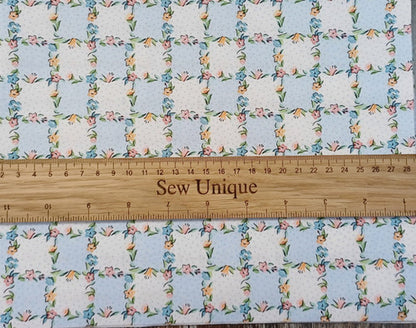 Poppie Cotton | Garden Party | Lovely Lattice Sky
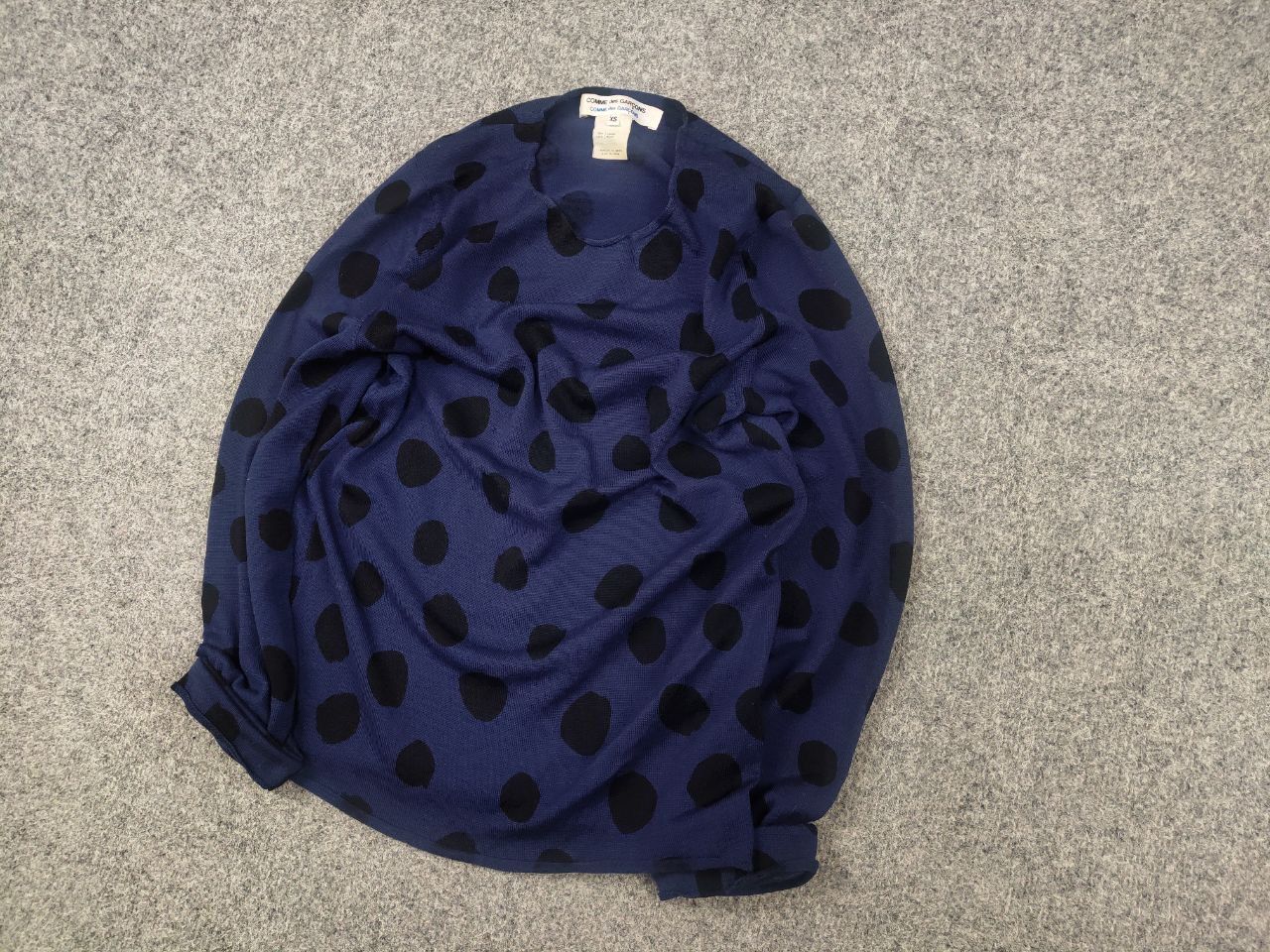 Comme des Garcons Vintage COMME des GARCONS Dot Printed Wool Knit Sweater Size US XS / EU 42 / 0 - 3 Thumbnail
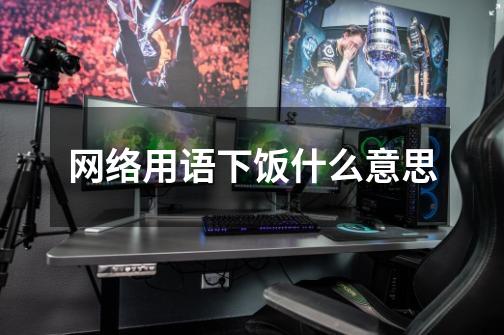 网络用语下饭什么意思-第1张-游戏信息-龙启网
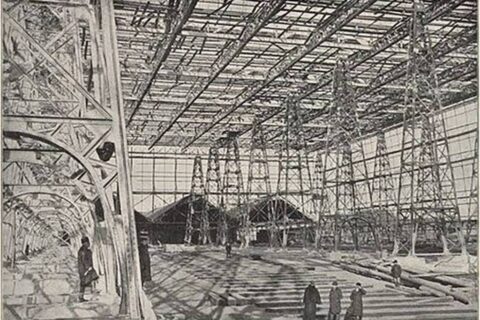 Крытый эллинг завода «Наваль» (1911 год)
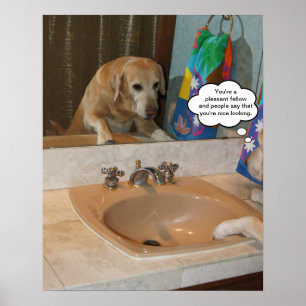 Customisable Positive Affirmation Yellow Lab Poster
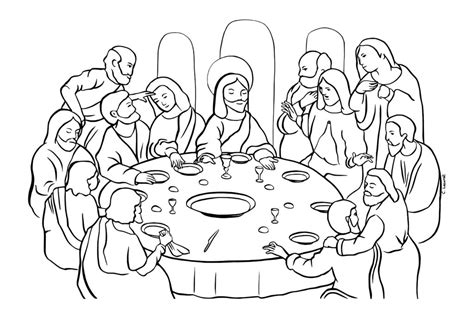 Last Supper Coloring Page At Free Printable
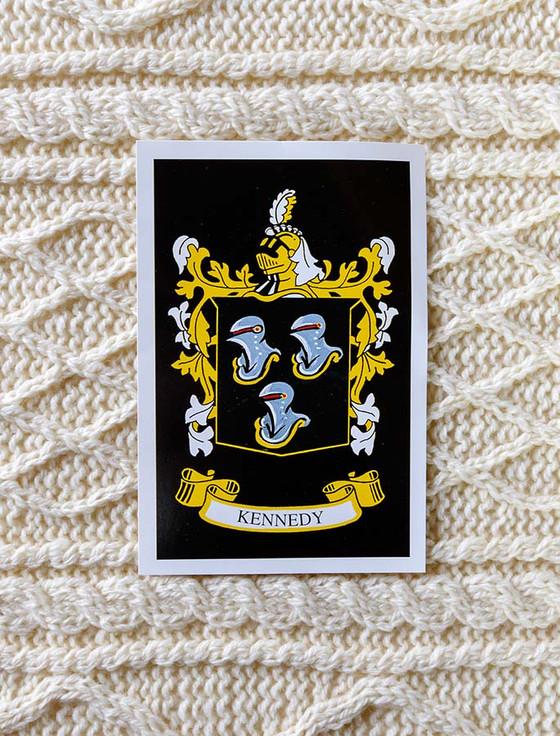 Aran Cashmere Kennedy Clan Aran Throw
______________________________
What you should do:
Copy every entry word for word, but omit the pictures.

Exercise answer:
 Poppie Cotton | Garden Party | Lovely Lattice Sky
 Comme des Garcons Vintage COMME des GARCONS Dot Printed Wool Knit Sweater Size US XS / EU 42 / 0 - 3 Thumbnail
 网络用语下饭什么意思-第1张-游戏信息-龙启网
 Крытый эллинг завода «Наваль» (1911 год)
 Customisable Positive Affirmation Yellow Lab Poster
 Last Supper Coloring Page At Free Printable
 Aran Cashmere Kennedy Clan Aran Throw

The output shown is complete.